Eu não podia fazer mais nada e também não poderia manter uma falsa postura durona para dificultar a vida delas. Apesar do hospital ser o último lugar que eu gostaria de estar essa noite, eu mal conseguia andar sem a ajuda de um maldito apoio e não tinha tanta escolha para me opor a ideia diante do meu estado, então tive apenas que aceitar meu destino.

{ . . . }

Agora eu havia finalmente entedido porque continuava a seguindo e tentando me aproximar mesmo que tivesse coisas mais interessantes a fazer, apesar de ter inventado desculpas idiotas como sinceridade para me sentir melhor antes. 

[Nome] me lembrava muito de alguém que conheci a anos assim como suspeitei na primeira vez que a vi, e sua falta de interesse em mim me deixou realmente curioso, mas tentei ignorar esse fato por um tempo porque ela também tinha as suas semelhanças com a minha mãe.

Talvez tenha sido no nosso primeiro dia que essa estranha sensação se fez presente, mas isso me fez querer entender melhor de onde surgiu. 

Minha mãe adorava ler livros igual a ela e tinha uma personalidade e uma maneira de lidar com problemas bem parecida, então provavelmente [Nome] era só uma solução temporária para o buraco que eu estava tentando preencher para as duas pessoas que não consegui salvar.

Ela não era especial, era apenas mais uma garota qualquer que deu o azar de se encontrar comigo na minha situação de vulnerabilidade.
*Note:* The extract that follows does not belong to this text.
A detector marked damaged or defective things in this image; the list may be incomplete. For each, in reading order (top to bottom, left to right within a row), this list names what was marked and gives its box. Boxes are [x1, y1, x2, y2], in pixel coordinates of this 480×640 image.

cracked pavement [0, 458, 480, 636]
Mas agora era também a garota a qual tive a oportunidade de presenciar uma situação de vulnerabilidade, e eu não poderia ignorar isso.

─ Como você está? ─ perguntei para quebrar o silêncio instalado, percebendo seu ombro ficar tenso com o som da minha voz.
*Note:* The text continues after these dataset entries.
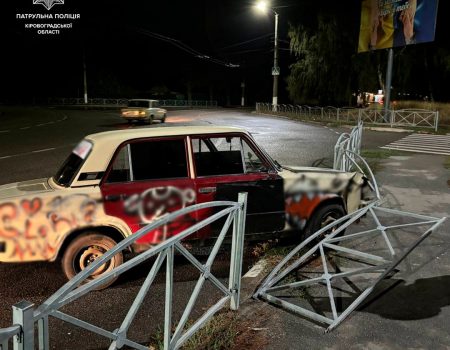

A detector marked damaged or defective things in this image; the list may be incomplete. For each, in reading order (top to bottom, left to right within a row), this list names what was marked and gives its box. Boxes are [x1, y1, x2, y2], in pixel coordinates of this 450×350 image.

broken railing [0, 193, 246, 348]
broken railing [255, 201, 444, 332]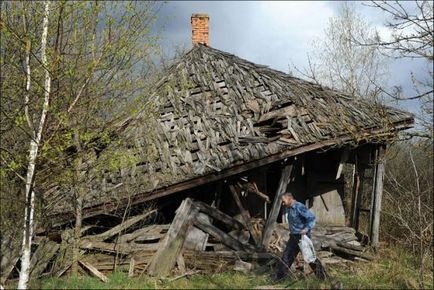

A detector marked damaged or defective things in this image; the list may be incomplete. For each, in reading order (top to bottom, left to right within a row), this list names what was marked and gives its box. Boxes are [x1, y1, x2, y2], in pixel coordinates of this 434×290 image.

broken wooden plank [85, 210, 158, 241]
broken wooden plank [148, 197, 198, 276]
broken wooden plank [229, 185, 262, 248]
broken wooden plank [262, 161, 294, 247]
broken wooden plank [80, 260, 110, 282]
Depois daquele evento, eu não consegui dar a devida atenção a ela, mas agora que o meu único objeto de foco era a recuperação do meu tornozelo e a presença dela, eu entendia e enxergava com clareza a luta interna que ela estava tentando evitar que era semelhante à minha.
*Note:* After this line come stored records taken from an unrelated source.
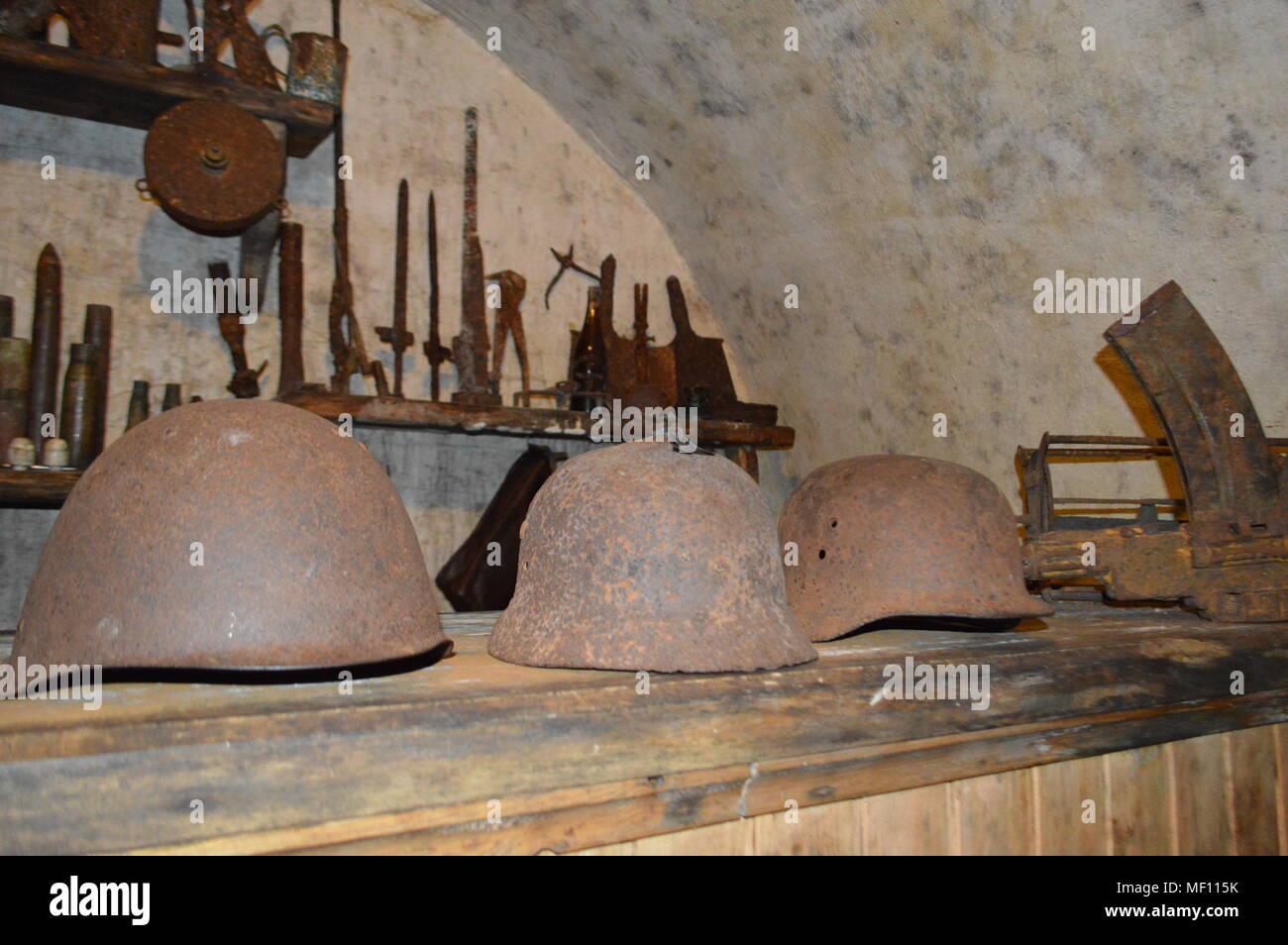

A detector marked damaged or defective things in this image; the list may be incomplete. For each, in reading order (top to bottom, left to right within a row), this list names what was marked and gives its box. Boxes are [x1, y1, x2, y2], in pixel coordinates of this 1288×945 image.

rusty machine part [54, 0, 161, 62]
rusty machine part [198, 0, 279, 88]
rusty tool [198, 0, 279, 88]
rusty machine part [286, 31, 348, 107]
rusty machine part [0, 340, 29, 461]
rusty machine part [26, 244, 59, 450]
rusty tool [27, 244, 59, 450]
rusty machine part [57, 345, 96, 471]
rusty machine part [81, 305, 110, 461]
rusty tool [81, 305, 110, 461]
rusty metal disc [143, 101, 284, 235]
rusty machine part [143, 101, 284, 235]
round rusty wheel [143, 101, 284, 235]
rusty tool [142, 101, 285, 237]
dome-shaped rusty helmet [11, 398, 448, 675]
rusty steel helmet [11, 398, 448, 675]
rusty machine part [11, 398, 448, 675]
rusty spike [15, 398, 453, 675]
rusty tool [209, 259, 265, 398]
rusty machine part [208, 261, 267, 398]
rusty tool [275, 221, 305, 396]
rusty machine part [276, 221, 306, 396]
rusty tool [376, 178, 414, 398]
rusty machine part [376, 178, 414, 398]
rusty tool [422, 190, 453, 401]
rusty machine part [422, 190, 453, 401]
rusty machine part [450, 106, 494, 406]
rusty tool [448, 107, 496, 406]
rusty machine part [435, 445, 561, 615]
rusty machine part [486, 267, 528, 401]
rusty tool [486, 273, 528, 406]
dome-shaped rusty helmet [486, 443, 818, 675]
rusty steel helmet [486, 443, 818, 675]
rusty machine part [491, 443, 813, 675]
rusty spike [491, 443, 813, 675]
dome-shaped rusty helmet [778, 456, 1050, 641]
rusty steel helmet [778, 456, 1050, 641]
rusty machine part [778, 458, 1050, 643]
rusty tool [1015, 279, 1288, 623]
rusty machine part [1015, 282, 1288, 623]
A forma como seus olhos percorriam as páginas do livro em sua mão me fascinava e me fez chegar à conclusão da origem das minhas desculpas, como das outras vezes em que a assisti.

Em todos aqueles momentos em que tive a oportunidade de estar no mesmo lugar que ela, estive a encarando sem ser capaz de piscar como se estivesse perdido. O que eu estava procurando, afinal?

─ Você realmente tem bom gosto para livros, não é? É por isso que estava indo na minha biblioteca? Se estava com vergonha de procurar nas prateleiras, poderia apenas ter me pedido algumas novas indicações e não inventado a desculpa que estava de olho em mim ─ ela me ignorou, passando as folhas rapidamente como se não estivesse tão concentrada.

Assim que chegamos na minha casa a algumas horas atrás depois de uma longa análise médica no hospital e uma conclusão de que havia sido algo simples e de fácil recuperação, ela se esgueirou para explorar a casa e voltou para a sala para ler um livro que deve ter encontrado nas minhas coisas antigas. 

Shoko nos trouxe até aqui e levou minhas irmãs para dormir na casa dela por essa noite depois que expliquei o que realmente tinha acontecido, e não tive notícias de Satoru ou de Sukuna quando saí do hospital.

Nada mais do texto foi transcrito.